** Opening Data block **

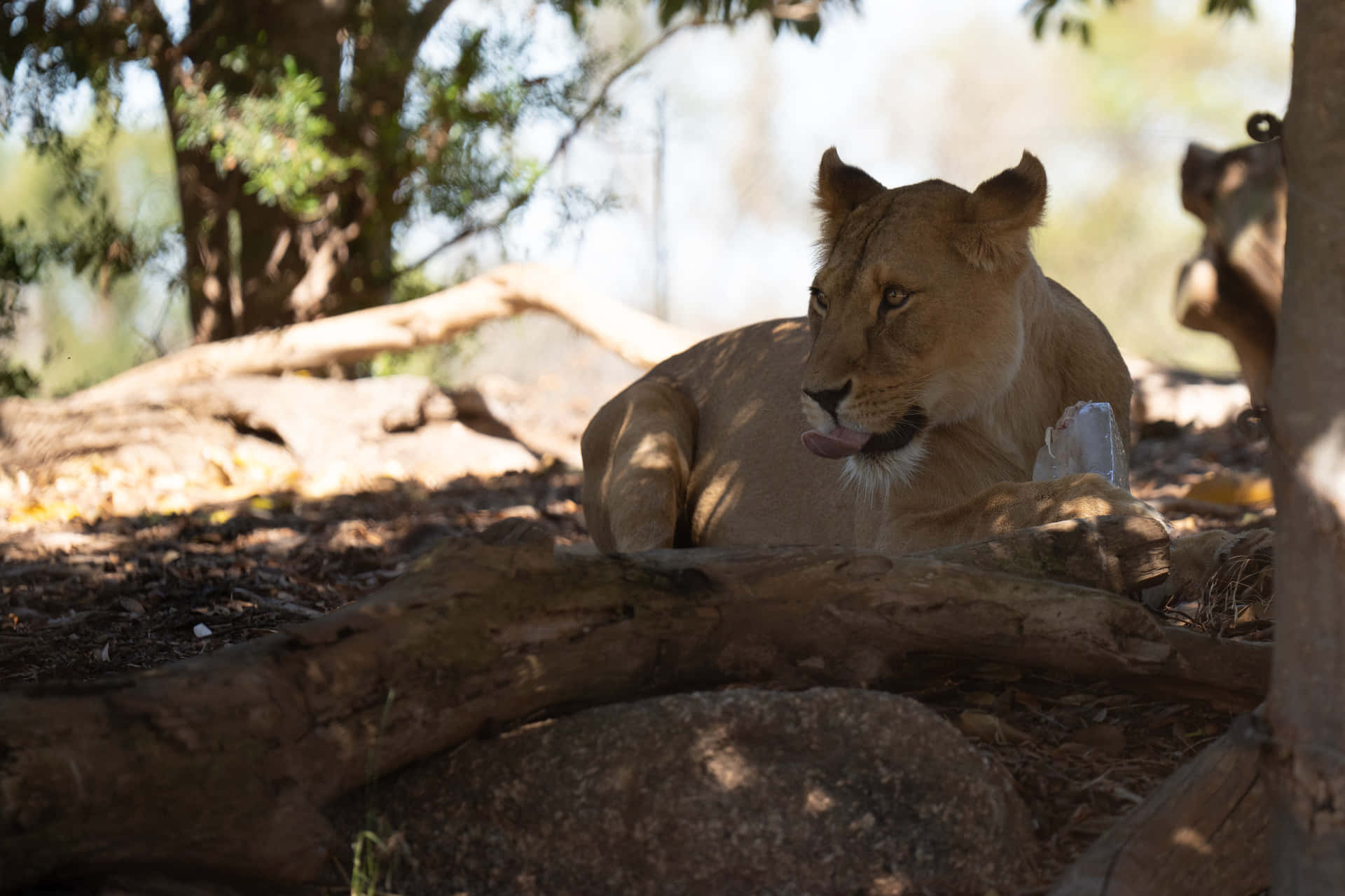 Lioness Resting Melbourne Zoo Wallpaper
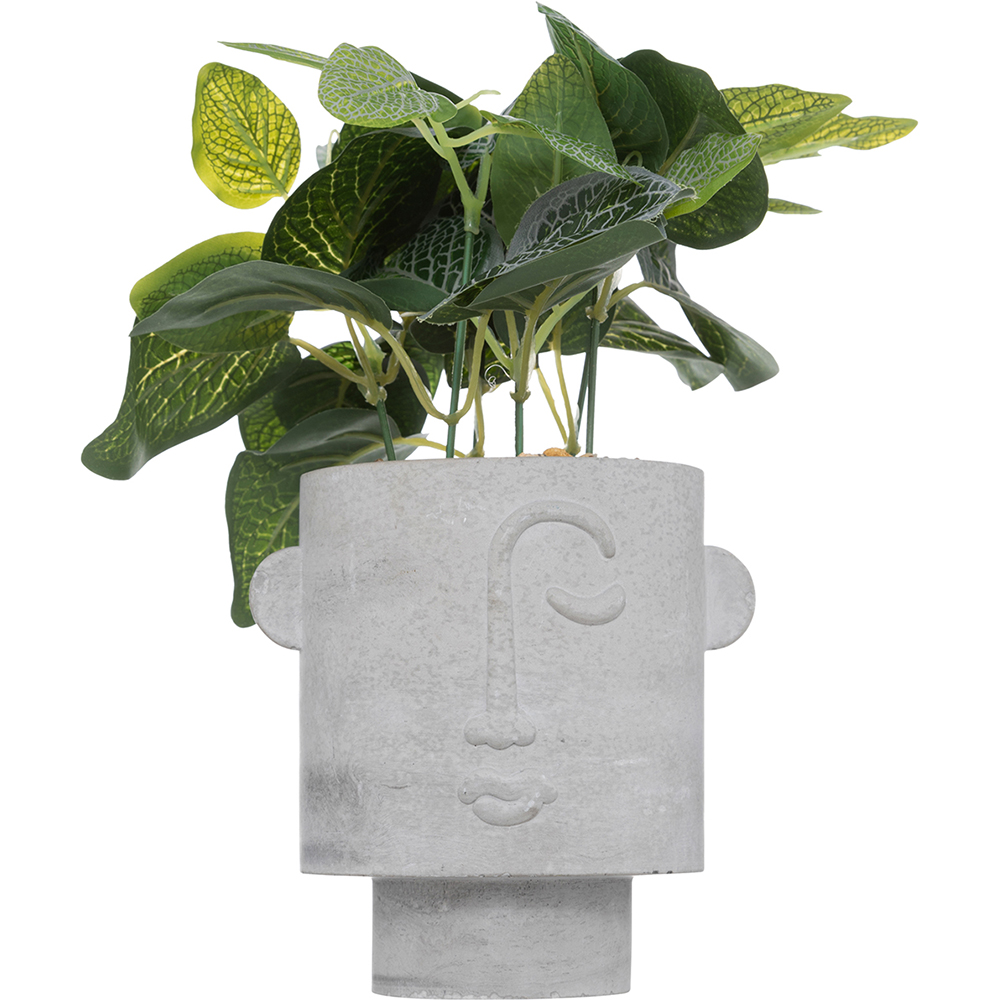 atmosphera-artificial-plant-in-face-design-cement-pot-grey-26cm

** Closing Data block **
** Opening Data block **

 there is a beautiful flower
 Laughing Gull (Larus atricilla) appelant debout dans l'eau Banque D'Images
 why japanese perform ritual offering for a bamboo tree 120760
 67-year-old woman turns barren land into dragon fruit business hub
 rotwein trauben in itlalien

** Closing Data block **
** Opening Data block **

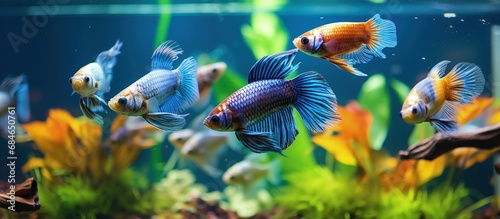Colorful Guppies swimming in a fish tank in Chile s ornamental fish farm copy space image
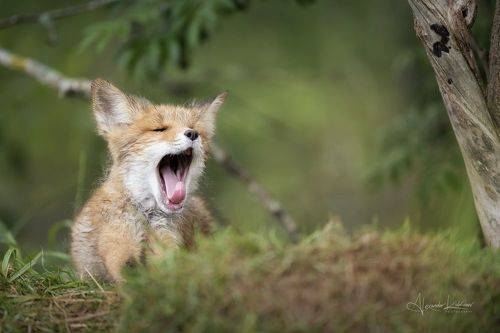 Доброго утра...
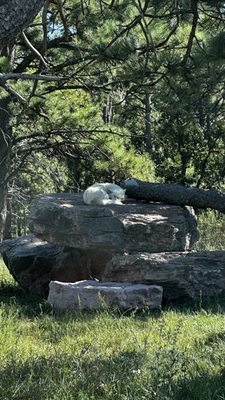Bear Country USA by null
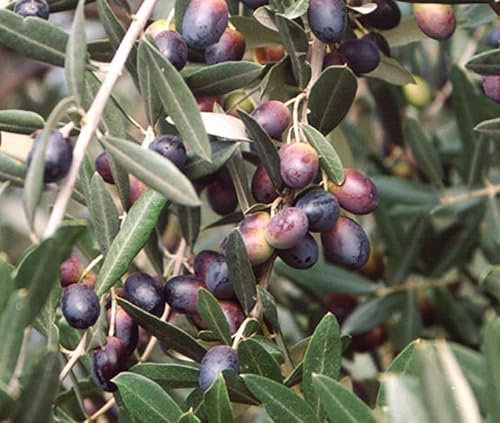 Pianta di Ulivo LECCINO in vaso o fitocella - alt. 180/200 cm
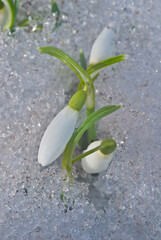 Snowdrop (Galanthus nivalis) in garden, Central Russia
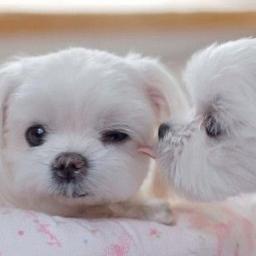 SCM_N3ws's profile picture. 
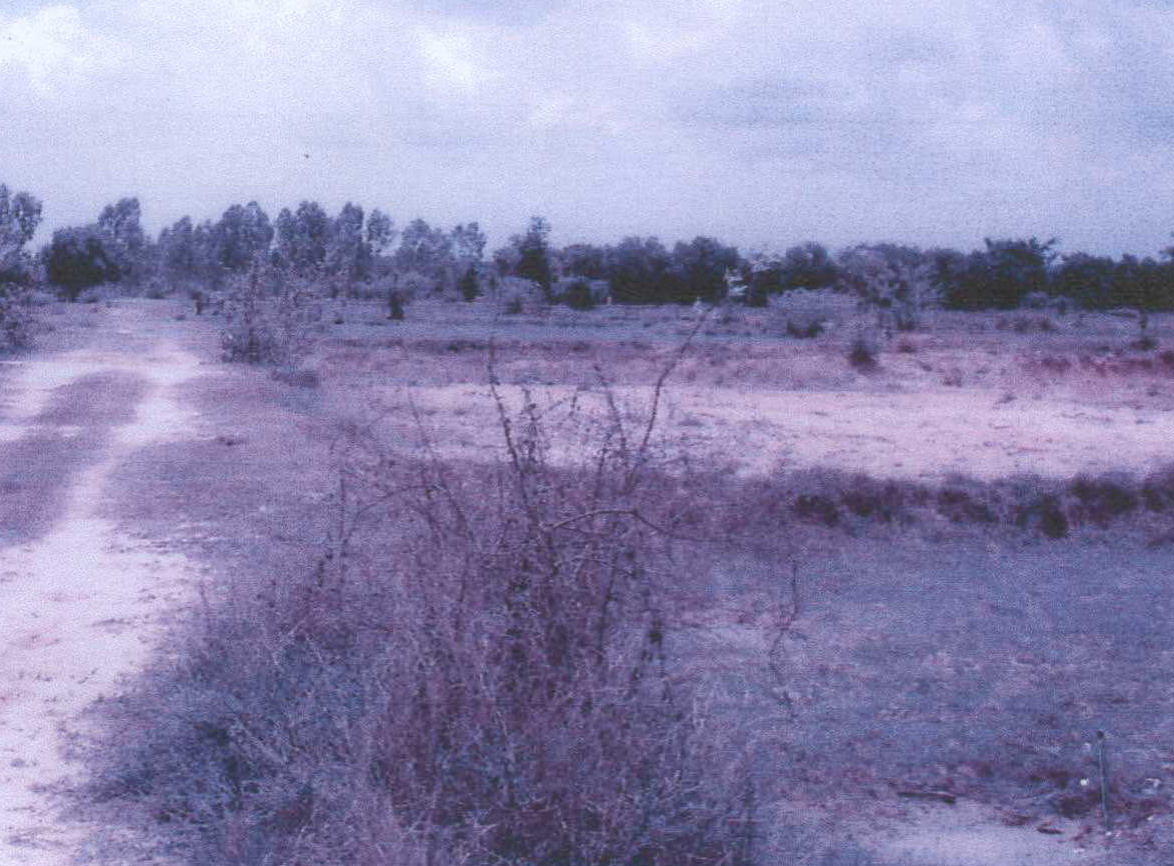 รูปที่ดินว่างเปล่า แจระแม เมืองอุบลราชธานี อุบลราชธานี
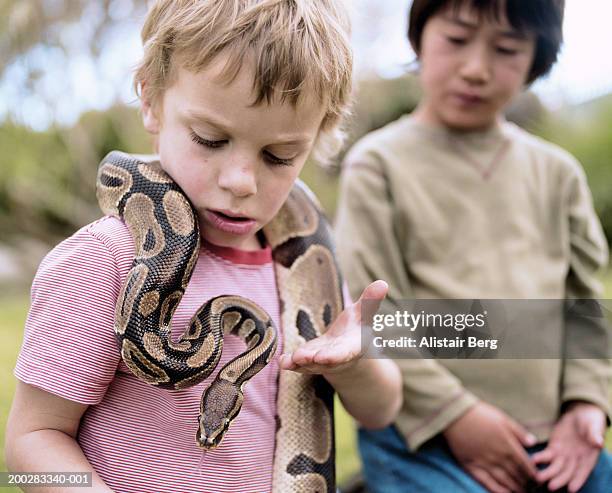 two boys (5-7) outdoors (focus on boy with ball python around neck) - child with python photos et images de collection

** Closing Data block **

--- The problem ---
When you reach the line with "Lioness Resting Melbourne Zoo Wallpaper" in the records above, begin repeating the lines exactly, and stop after the line with "atmosphera-artificial-plant-in-face-design-cement-pot-grey-26cm". Skip all pictures.

--- Result ---
 Lioness Resting Melbourne Zoo Wallpaper
 atmosphera-artificial-plant-in-face-design-cement-pot-grey-26cm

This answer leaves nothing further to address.